しかし、「リング」のパートナー・探偵役が「色んな事に詳しい大学の先生」だったのに対し、本作では「霊能者」である。その霊能者のキャラクターがかなり「ラノベ寄り」であり、個人的にはその辺が受け付けなかった。
物語の構成・語り手が、一部、二部、三部と移り変わっていく。
その語り手が変わることによって、物語の別の側面が浮かび上がっていく。
「ぼぎわん」なるものに呪われた、第一部の主人公が、視点を変えると、ただのDV気質の夫にしか見えなかったりと、その辺は面白い。
また、視点を変えて見えてくる事、その辺の「恨みつらみ」が怪物の正体に繋がってくるのも面白かった。
映画の方は観てないが、この怪物をどうやって、表現したのか気になる。「リング」同様に表現しやすいように魔改造さあれているかもしれないが、ヴィジュアルに訴えるように立体化して欲しい。
「ぼぎわん」が「ブギーマン」がなまったものだったんですね。
ミリタリーもので未確認機を「対象をボギーワンと呼称」みたいにやってるから、そっちだと思った。
最後はラノベ展開。
序盤・中盤は面白かった。
ただし、この呪い・怪物を倒す下り、霊能者のお姉さんが出て来たあたりから、ほぼラノベなんで、そこんとこはガッカリした。

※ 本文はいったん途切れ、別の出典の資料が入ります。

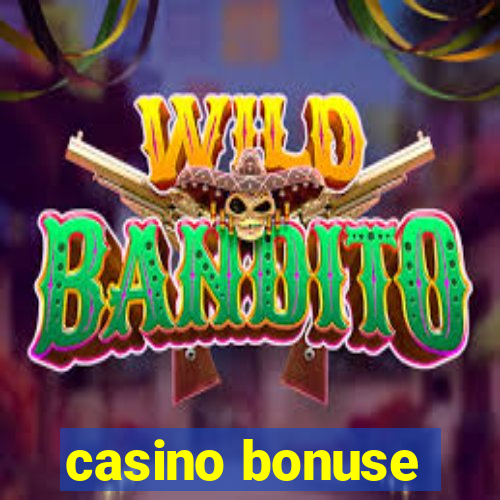 casino bonuse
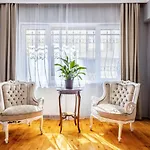 Fully Furnished Magnificent Flat In Uskudar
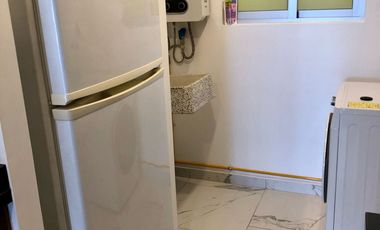 RENTA DE LOFT AMUEBLADO EN PARK PEDREGAL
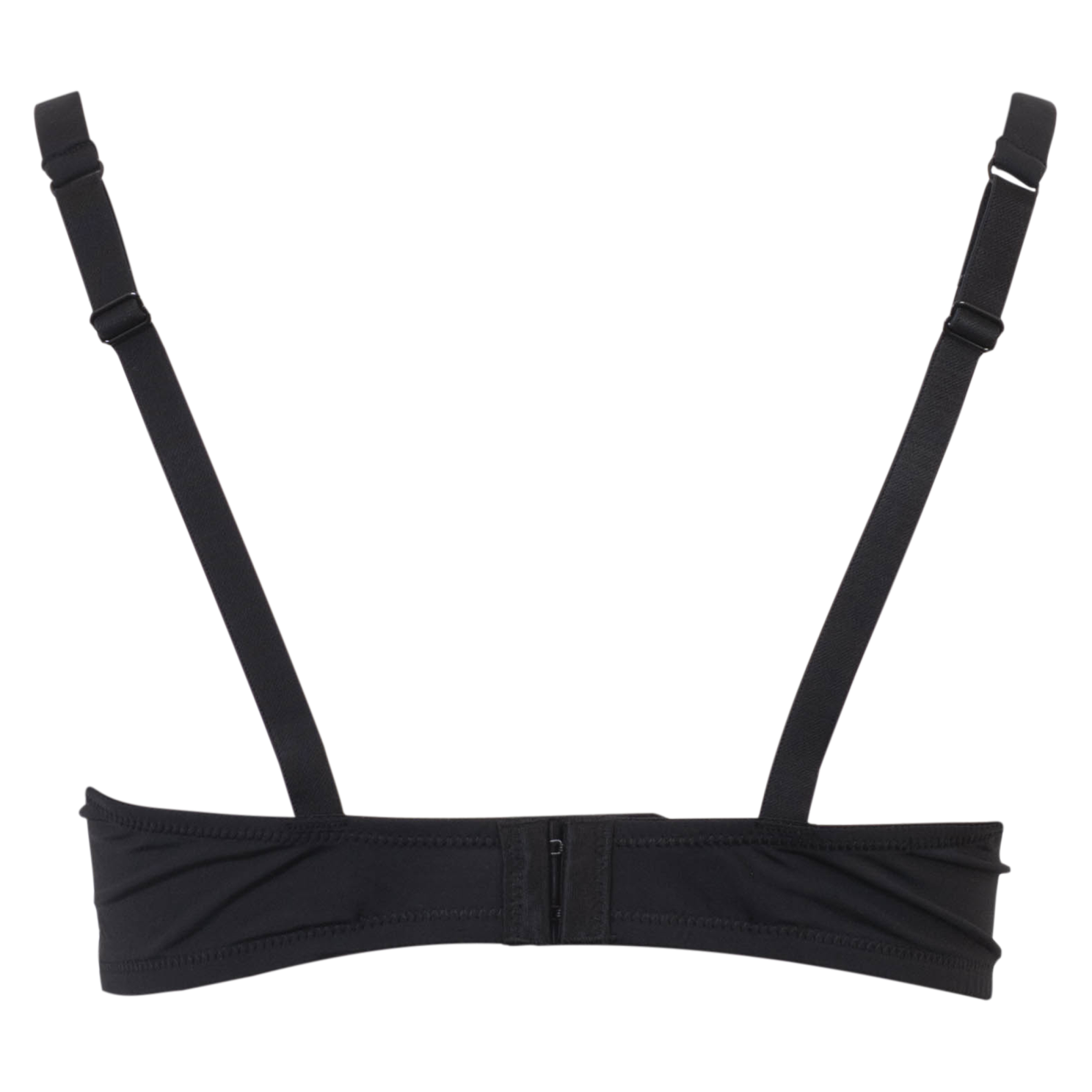 Crossbow Mette Dame BH - Black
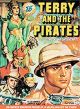 Terry And The Pirates (1940) On DVD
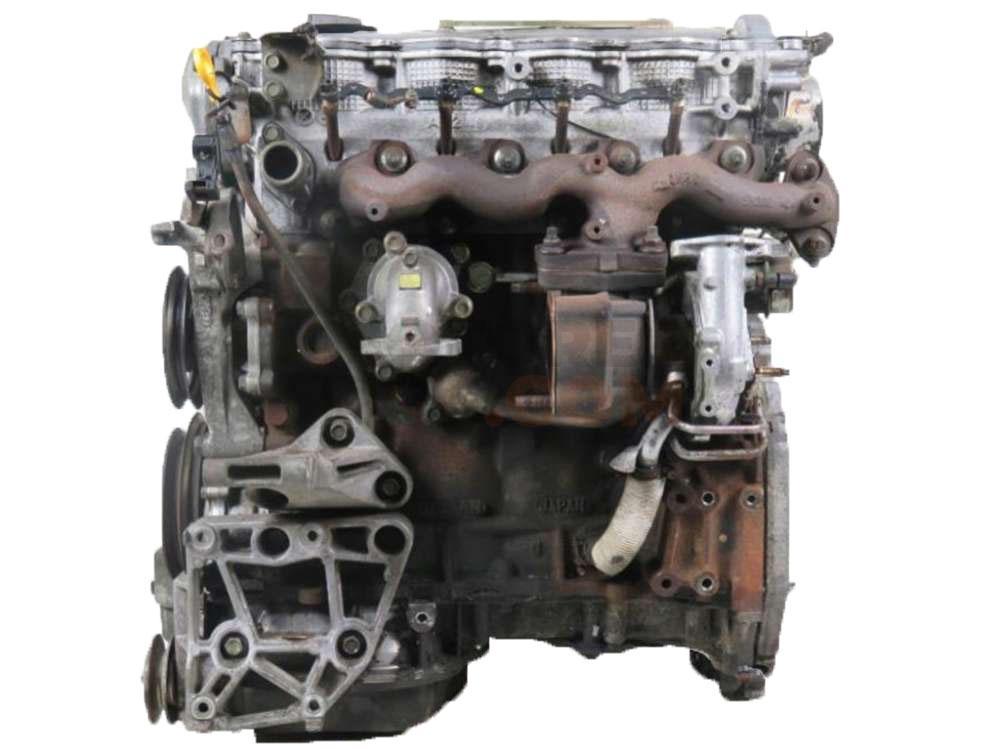 Motor YD22DDT Nissan Primera Wagon (P12) 2.2 dCi (138 cv)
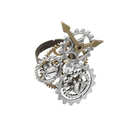Bague Steampunk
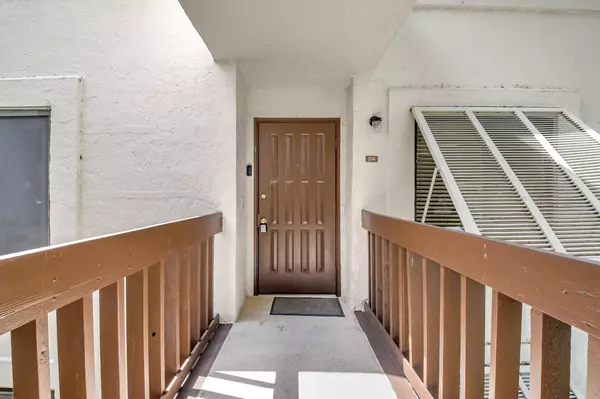 Boynton Beach, FL 33437,10187 Mangrove DR 204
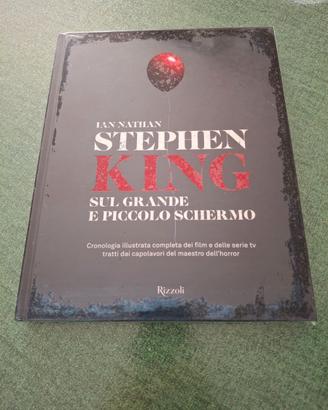 Stephen King sul grande e piccolo schermo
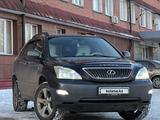 Lexus RX 350 2007 года за 8 200 000 тг. в Петропавловск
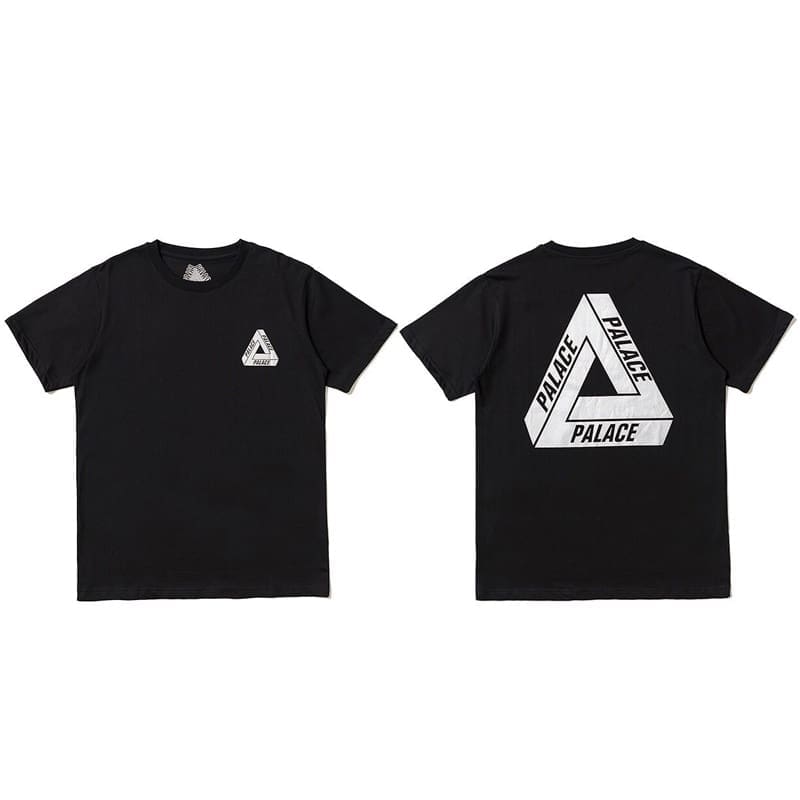 Palace Triangle Graffiti Tee 2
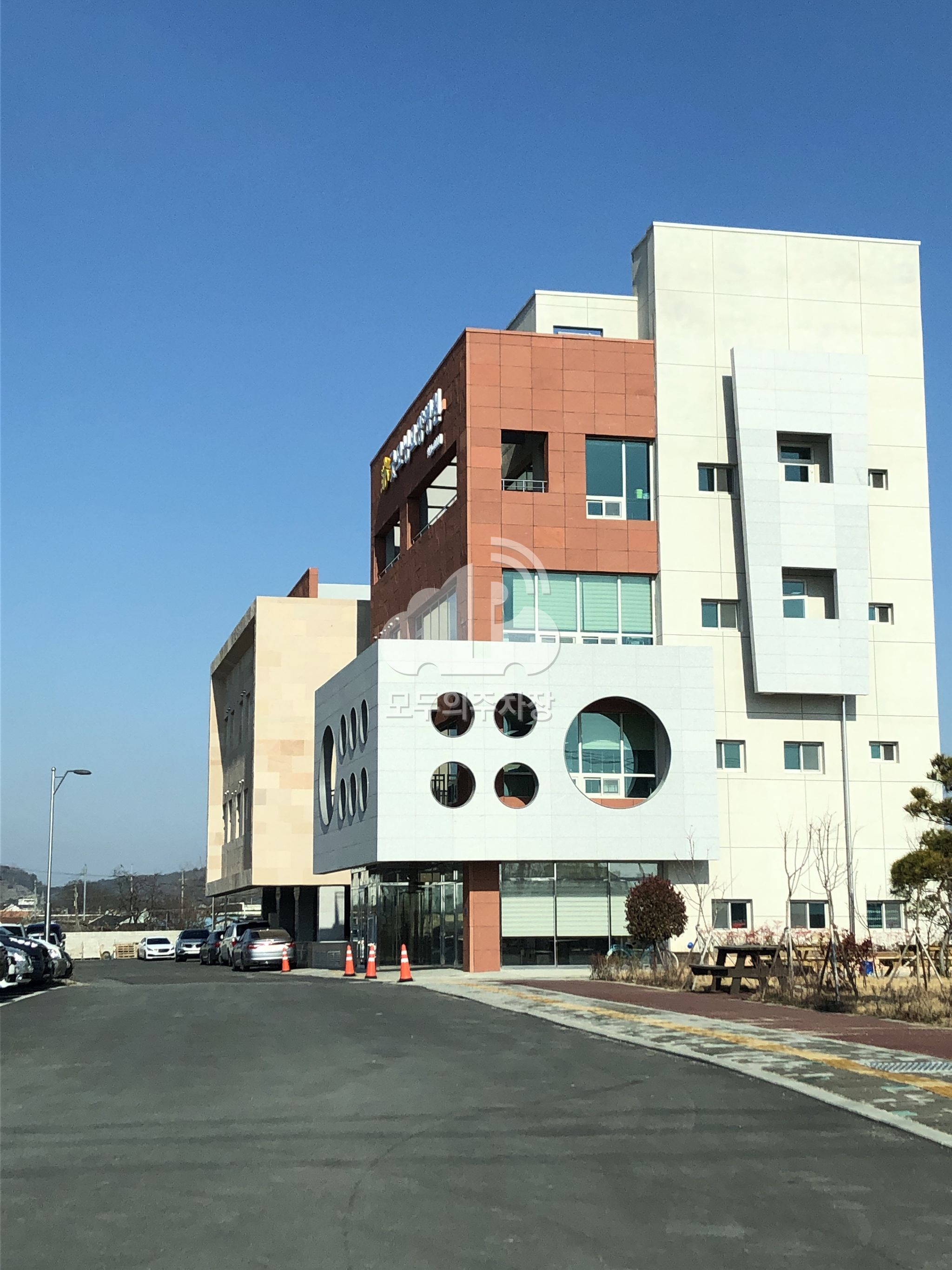 굿모닝요양병원 이미지 1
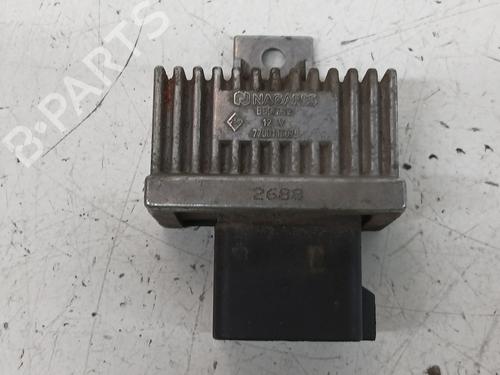 Elektronische module RENAULT KANGOO (KC0/1_) 1.5 dCi (68 hp) 29464275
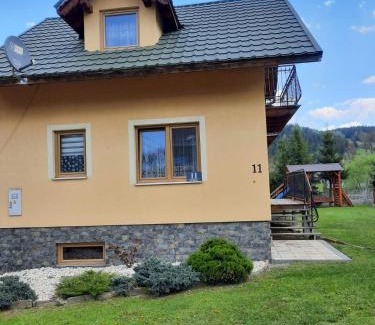 Kacwin Apartment | Agroturystyka za wodą - apartamenty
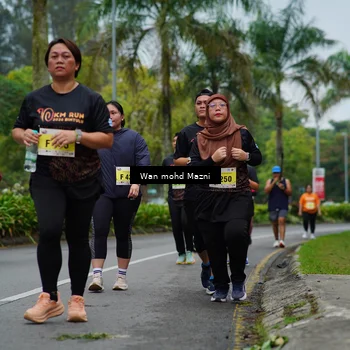 Runner Photo 8509936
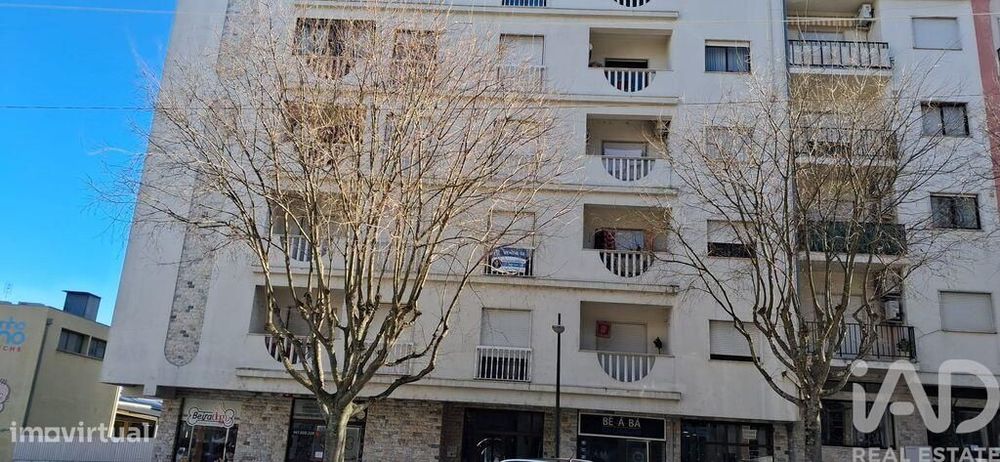 Apartamento T3 em Fundão, Valverde, Donas, Aldeia de Joanes e Aldeia N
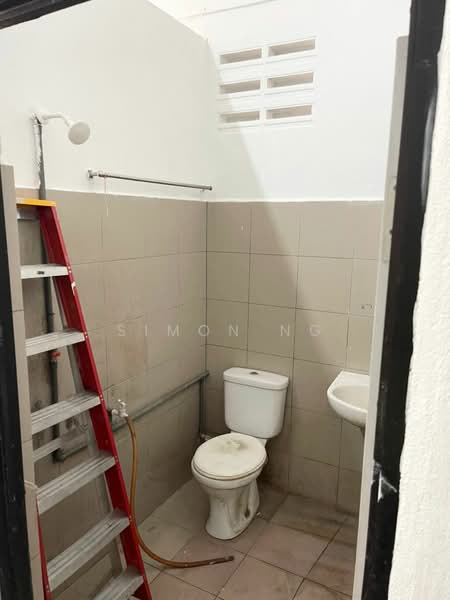 Rumah Berkembar untuk Disewa di Taman Usaha (Bukit Mertajam) - Simon Ng - PropertyGuru.com.my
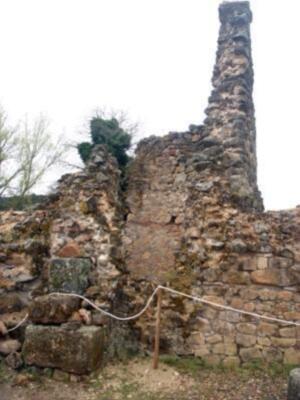 AMMAIA: UNA CIUDAD ROMANA POR DESCUBRIR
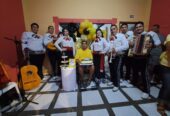 Mariachi Ecuador Internac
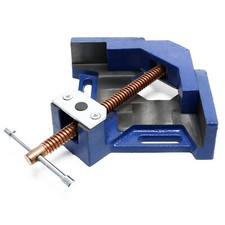 Etau d’angle Serrage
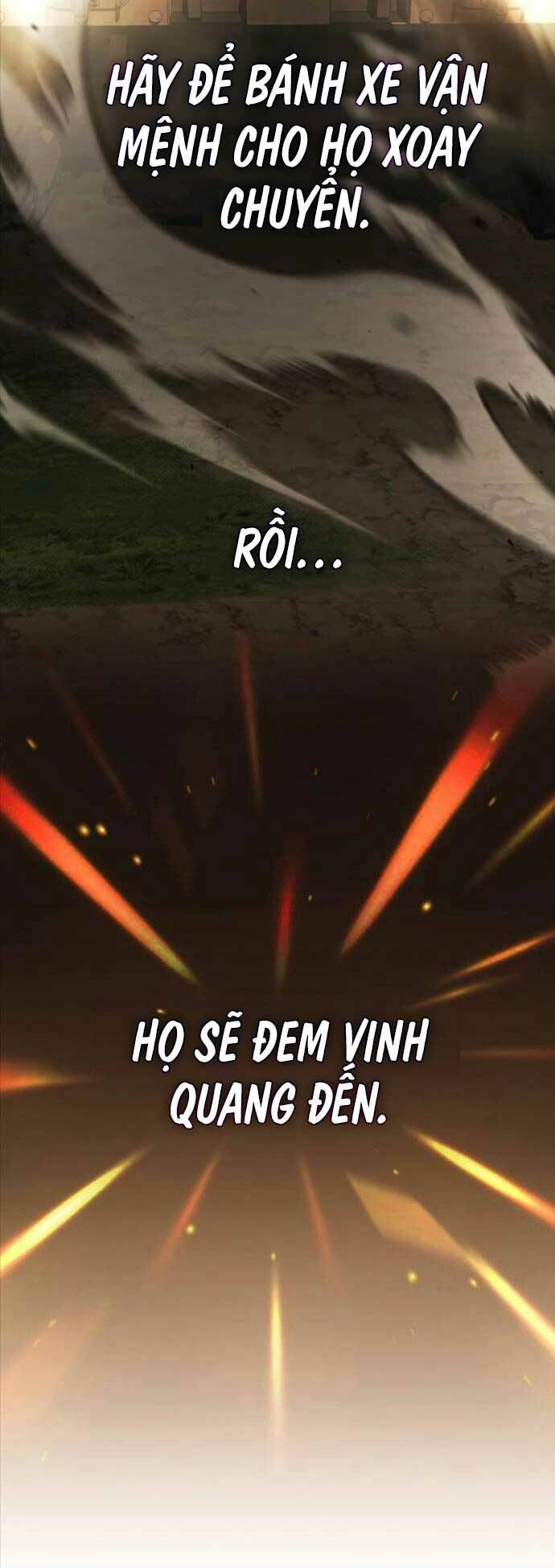 Hồi quy giả về hưu chapter 19 - Upload bởi truyensieuhay.com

ちょっとばかし、漫画チックといいますか、最後の最後で、一気に嘘くさくなってしまっているように感じた。
「寺生まれのTさんが、破っ!やる」のは、ネットのネタでやってるから面白いのであって、出版社の印刷物で読むものじゃないんだよ。
なーんとなくだが、まだまだ、インタネットミームについての理解が進んでないんじゃないか?
ネットと出版社の印刷物を混同すると、どちらの文化にとってもいいことないと思う。
角川スニーカー文庫のレーベルはなくなってしまったが、最後の50Pは完全にそっちの方向である。
「なんだかラノベのキャラクターみたいだな……」と思ったんだが、「比嘉姉妹シリーズ」として続いているらしい。
う~ん、角川さん、ラノベのレーベルでスニーカー文庫残して、住み分けておいた方がよかったんじゃない?
なんとなく、角川ホラー文庫のイメージが、鈴木 光司や貴志 祐介で止まってるから、こんな悪い意味でのラノベぽいやつを読まされるとは思わなんだ。